È arrivato il momento di una legge sul salario minimo. “È importante che l'Europa prenda una direttiva sul tema, rispettando le specificità di ogni Paese”, spiega al Corriere della sera di oggi (martedì 7 giugno) la neosegretaria confederale Cgil Francesca Re David, guardando con favore alle idee messe in campo dal ministro del Lavoro Andrea Orlando, che aprono alla possibilità di avere anche una legge italiana.

“La contrattazione in Italia è molto estesa”, argomenta la dirigente sindacale: “Riteniamo positiva la proposta del ministro Orlando di prendere a riferimento il Tec, cioè il trattamento economico complessivo, definito dai contratti nazionali firmati dalle organizzazioni più rappresentative, e di estenderlo a tutti i lavoratori del settore”. Il Tec, inoltre, tiene conto “di tutte le voci: la tredicesima, le ferie e gli altri istituti. Sarebbe anche il primo passo per estendere erga omnes i contratti stipulati dai sindacati più rappresentativi”.

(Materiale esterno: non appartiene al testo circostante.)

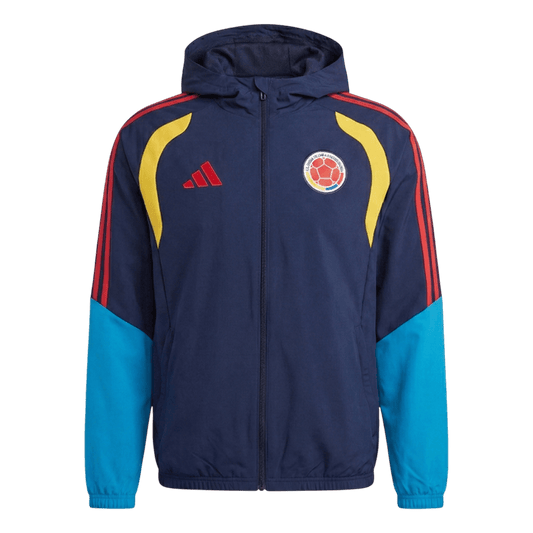 Colombia Hoodie Jacket 2026 World Cup Navy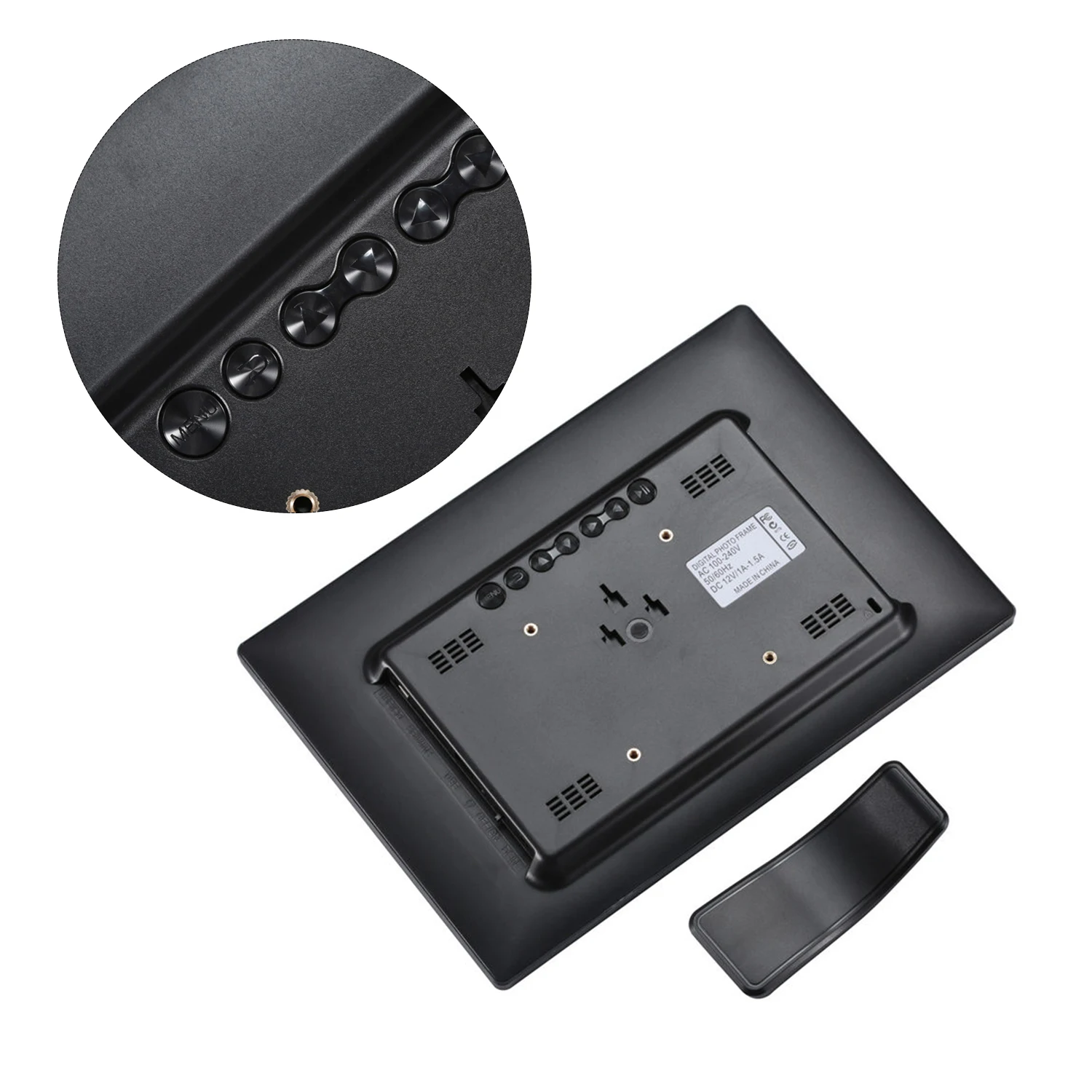 12" LED Digital Photo Frame Album Display Image MP4 Video MP3 Audio Clock Calendar Touch Key Support Auto Play Multi Languages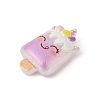Summer Theme Opaque Resin Cabochons RESI-G106-01F-2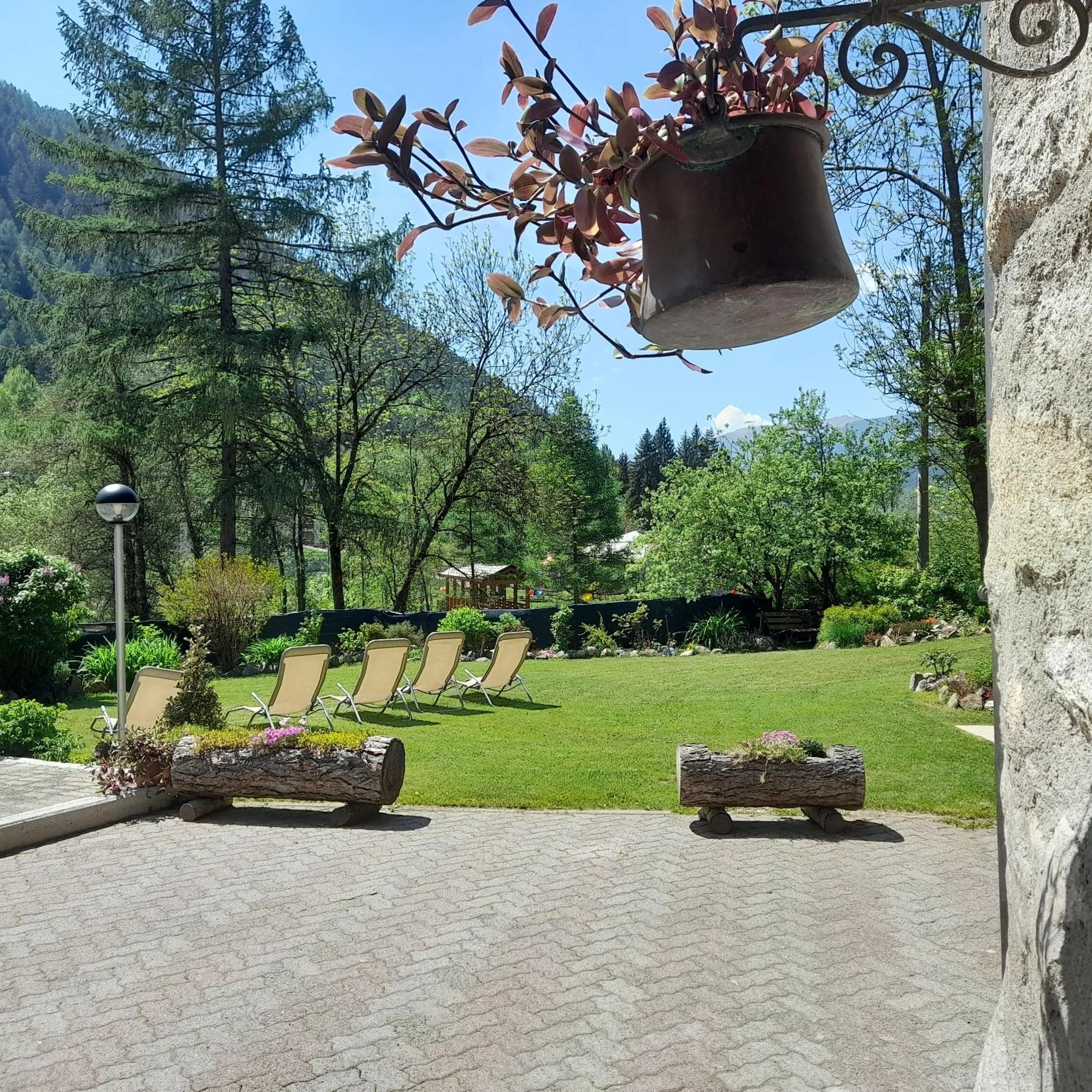 Garden in Soggiorno Vacanze Stella Alpina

Re David respinge l’insinuazione che in questo modo molte imprese non sarebbero in grado di pagare: “Trovo curioso che si possa pensare che applicando il contratto si vada fuori mercato. In realtà bisogna fermare lo sfruttamento del lavoro. Nei servizi ci sono orari cortissimi, anche di 4-8 ore alla settimana, e troppe forme di precariato. Questa situazione, col mancato rinnovo dei contratti, genera milioni di lavoratori poveri”.

Una legge italiana, però, non trova tutti d’accordo. La Cisl e il ministro Brunetta, ad esempio, pensano che la via maestra sia la contrattazione. “Se tutti i contratti fossero rinnovati e applicati a tutti i lavoratori, potrebbe funzionare”, risponde la segretaria confederale Cgil: “Ma nella realtà non è così. Ecco perché serve la legge. Non è un caso che, in mancanza di una normativa di sostegno, l'Italia sia l'unico Paese dove i salari reali hanno perso potere d'acquisto”.

Francesca Re David, nelle ultime battute dell’intervista, interviene anche sulla perdita di valore dei salari a causa della crescita dell'inflazione. “Occorre rinnovare i contratti, estendere la contrattazione di secondo livello, tagliare il cuneo fiscale e contrastare la precarietà”, conclude l’esponente Cgil, rimarcando che il taglio del cuneo fiscale “va fatto tutto a favore dei lavoratori, perché le imprese hanno preso già abbastanza”.